DESCRIPTION OF THE TASK: Your reply must hold the lines from the one containing "Christmas decoration red" to the end of the entries, copied exactly, with pictures excluded.

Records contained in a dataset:
....................

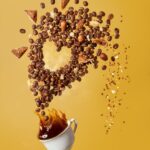 coffee beans on white ceramic mug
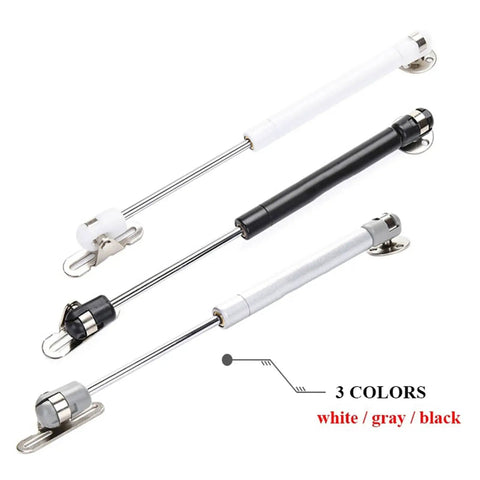 Soft Close Gas Strut Lift Support For Kitchen Cabinet Hinges And Cupboard Doors With Copper Core Hydraulic Rod Hidden Door Support For Toy Boxes And Tool Chests Heavy Duty Zinc Plated Cabinet Lift For Lids in white, gray, and black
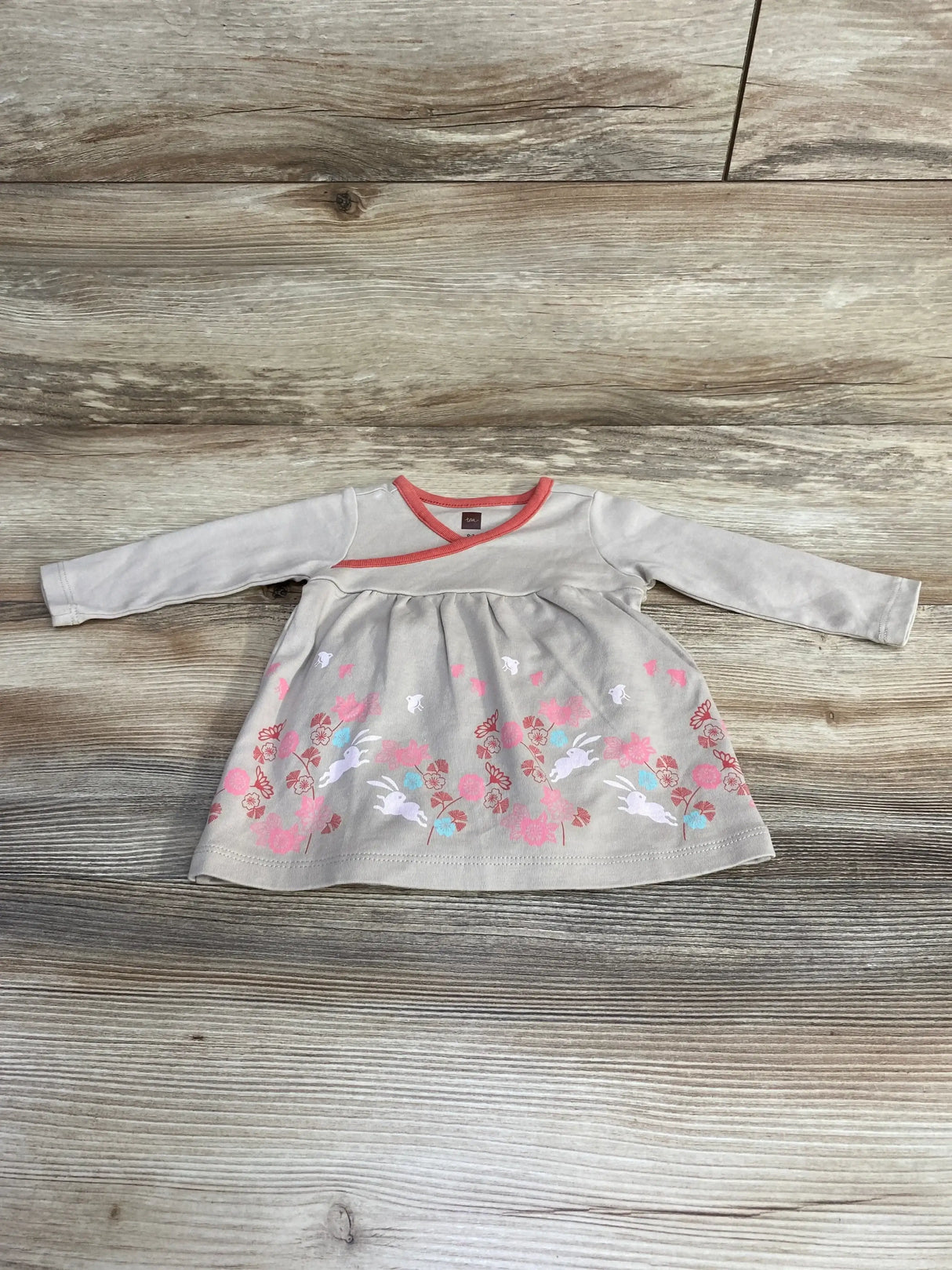 Flat lay of newborn long sleeve bunny dress showcasing pink floral and white bunny print with coral neckline on light wood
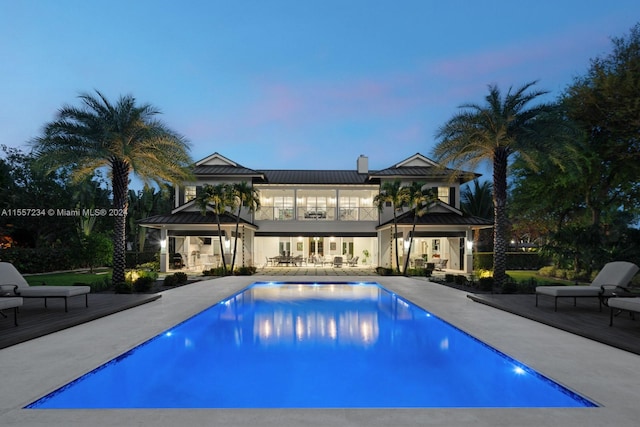 pool at dusk with outdoor lounge area and a patio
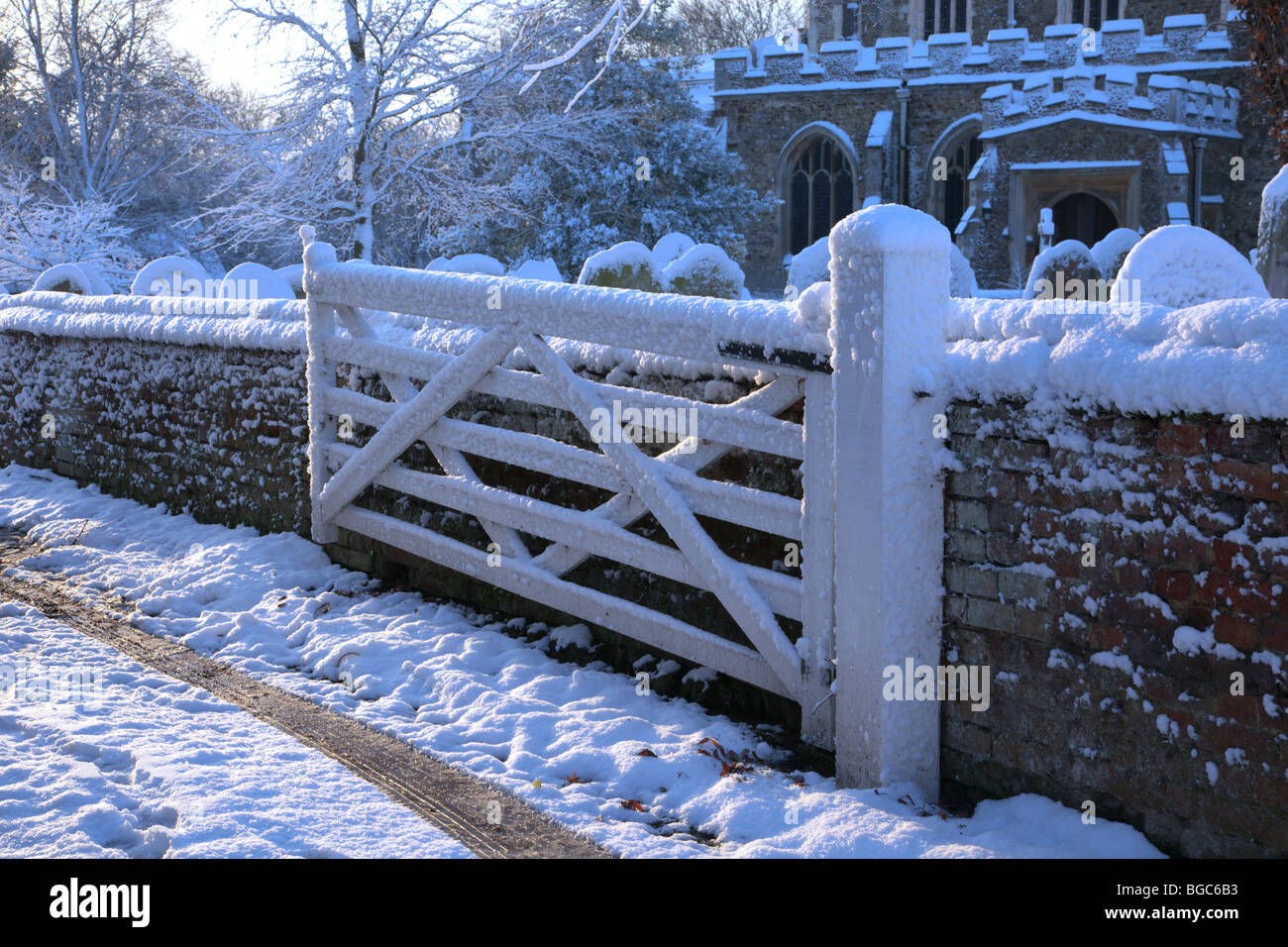 Snow covered wooden five-barred gate outside church Great Gransden Cambridgeshire Stock Photo
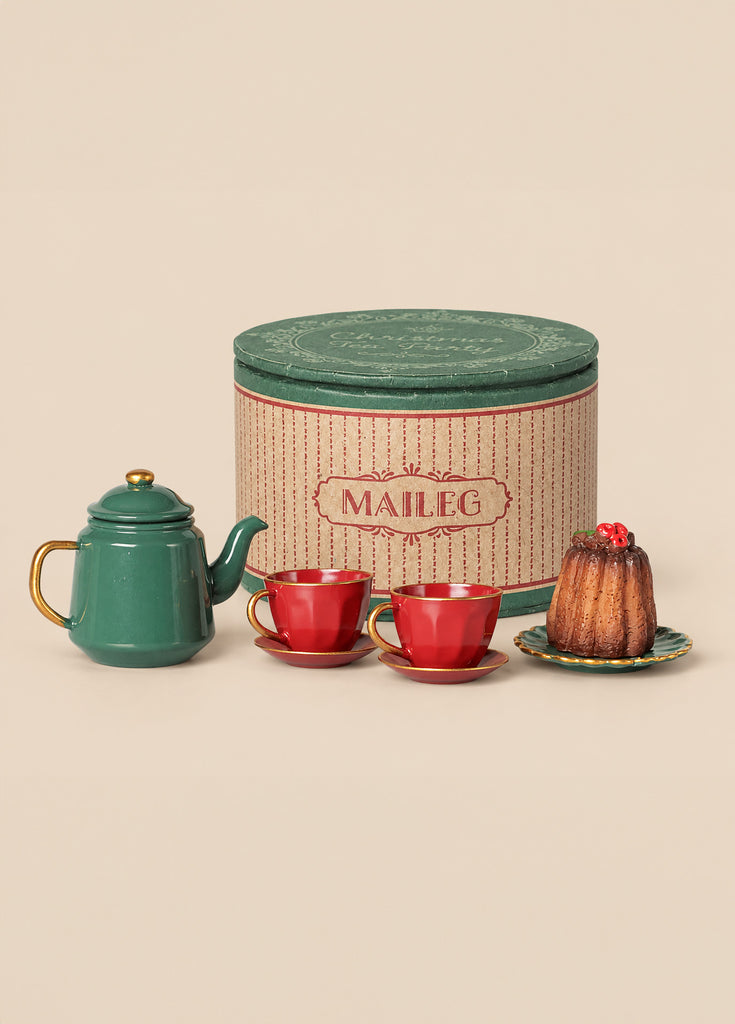A Maileg Christmas Tea Party, Mouse - Red/Green featuring a green teapot, two red teacups on saucers, and a small dessert on a plate, all set in front of a round, decorative storage tin.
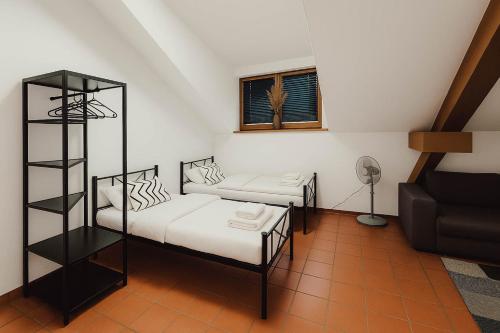 Postel nebo postele na pokoji v ubytování Central Living Apartments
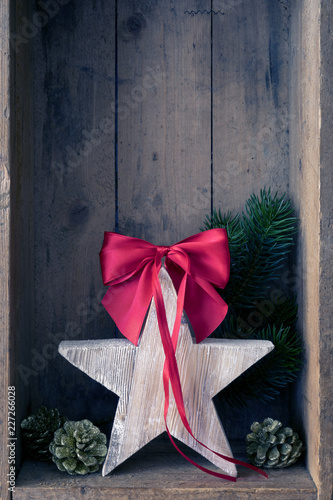 Christmas decoration red ribbon on a star in a wooden box background photo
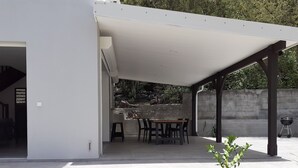 A covered patio area with a table and chairs, a grill, and a view of a natural landscape.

....................

RESULT OF THE EXERCISE:
 Christmas decoration red ribbon on a star in a wooden box background photo
 A covered patio area with a table and chairs, a grill, and a view of a natural landscape.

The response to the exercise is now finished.